Governance Assessment

  • Committee leadership and oversight: Chairing Directors & Governance is a high‑influence role overseeing Board composition, ESG disclosures/controls, and director compensation—supports board effectiveness and structured self‑evaluation.
  • Independence and conflicts: Board explicitly reviewed Wallace’s external directorships where CW purchases goods/services; found transactions immaterial and independence intact. No related‑party transactions >$120,000 disclosed for directors in 2024.
  • Attendance/engagement: Met Company’s attendance expectations; Board/committees active with executive sessions—indicates engagement.

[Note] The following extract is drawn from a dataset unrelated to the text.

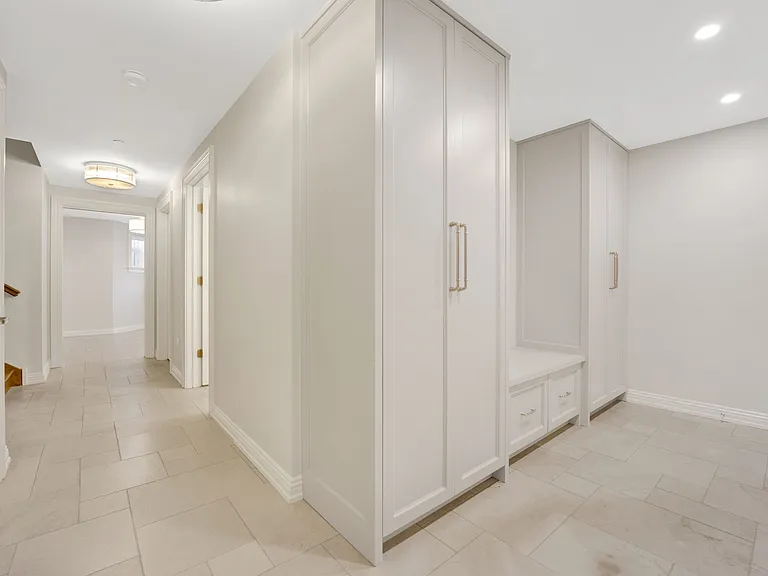 105 W Chestnut St — Photo 20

  • Compensation alignment: Cash fees are modest, with equity grant standard at $145,000; directors must accumulate stock equal to 5x retainer; anti‑hedging/pledging policy strengthens alignment and mitigates misalignment risks.
  • Ownership signal: Beneficial ownership is small in % terms, but presence of deferred shares and ownership guidelines suggests longer‑term alignment; exact guideline compliance not disclosed.
  • RED FLAGS: None disclosed—no legal proceedings, no related‑party transactions above thresholds, no attendance shortfalls, and independence affirmed despite external board roles.